Knox, 287 F.3d 667, 670–71 (7th Cir.2002). We can infer as much from the absence of a
Rule 51(b) response, but at all events an appellate challenge to the plea colloquy or the
voluntariness of the plea would be futile because Martin waived any complaint by
failing to object to the magistrate judge’s report. Federal Rule of Criminal Procedure 59,
which specifies the procedures for matters referred to magistrate judges, explicitly
provides that a defendant waives his right to appellate review of a magistrate judge’s
proposed findings if no objection is made in the district court. See FED. R. CRIM. P.
59(b)(2); Dupree v. Warden, 715 F.3d 1295, 1305 n.4 (11th Cir. 2013); United States v.
Garcia‐Sandobal, 703 F.3d 1278, 1283 (11th Cir. 2013). And we have said in the context of
28 U.S.C. § 636 that a party waives the right to contest the factual and legal conclusions
of a magistrate judge by failing to lodge objections with the district court, so long as,
like Martin, the party knew the timeframe for filing objections and the consequences of
inaction. See, e.g., United States v. Hall, 462 F.3d 684, 688 (7th Cir. 2006); United States v.

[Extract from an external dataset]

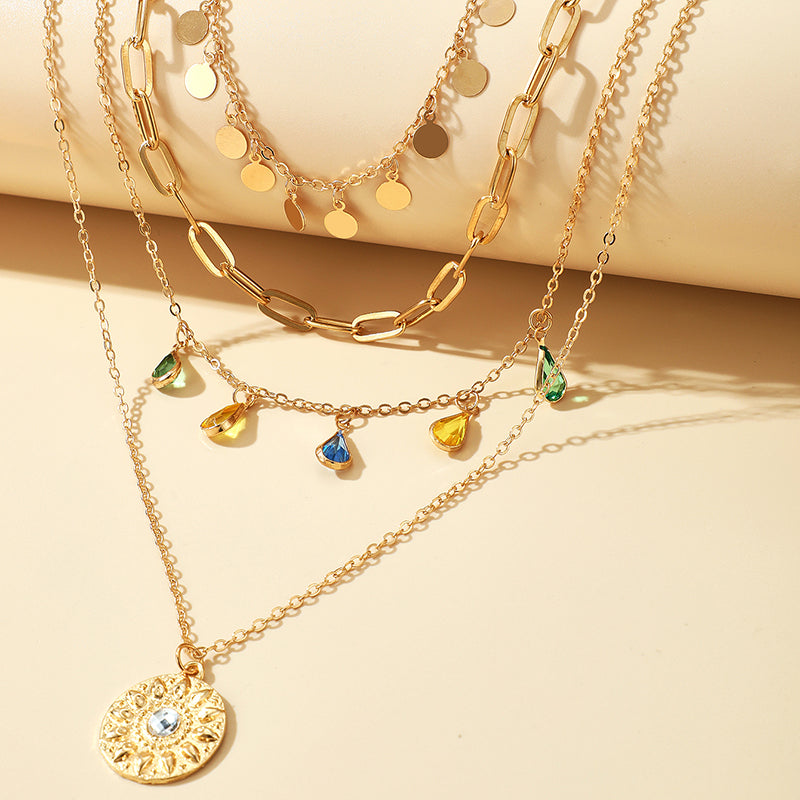 MULTILAYER NECKLACE WITH CRYSTALS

Hernandez‐Rivas, 348 F.3d 595, 598 (7th Cir. 2003). By remaining silent, therefore, Martin
intentionally relinquished his right to object to the plea colloquy. What’s more, Martin
never moved to withdraw his guilty plea in the district court, so even if he could skirt
the waiver arising from § 636 and Rule 59, he still would have to establish plain error.
See United States v. Vonn, 535 U.S. 55, 59 (2002); United States v. Ali, 619 F.3d 713, 718–19
(7th Cir. 2010).
The absence of a possible challenge to Martin’s guilty plea also means that his
appeal waiver must be enforced. See United States v. Kilcrease, 665 F.3d 924, 929 (7th Cir.
2012); United States v. Sakellarion, 649 F.3d 634, 639 (7th Cir. 2011). That waiver is
comprehensive, except for the one potential issue addressed by counsel: whether Martin
could challenge the denial of his motion to suppress. We agree with counsel, however,
that any challenge to the district court’s ruling would be frivolous. The woman in the
firearms store told Officer Rivera that she was buying ammunition for Martin, and
Rivera knew that the type of ammunition she was trying to buy was uncommon,
No. 13‐1617 Page 4
especially for someone of her small stature, and had been used in recent shootings in
the area. Given this information, Rivera had reasonable suspicion to approach Martin
and investigate whether he legally could purchase the ammunition or was involved in
the recent shootings. See Terry v. Ohio, 392 U.S. 1, 20–23 (1968); United States v. Nunez‐
Sanchez, 478 F.3d 663, 666–67 (5th Cir. 2007). And once Martin dropped the bag of
marijuana just seconds into his encounter with the officer, there was probable cause for
his arrest. See United States v. Richardson, 657 F.3d 521, 523 (7th Cir. 2011); United States v.
Kenerson, 585 F.3d 389, 393 (7th Cir. 2009). Because it would be frivolous for Martin to
argue that Rivera unlawfully investigated and arrested him, his fruits argument could
not justify suppression of the guns. See United States v. Slone, 636 F.3d 845, 851 (7th Cir.
2011).
We GRANT counsel’s motion to withdraw and DISMISS the appeal.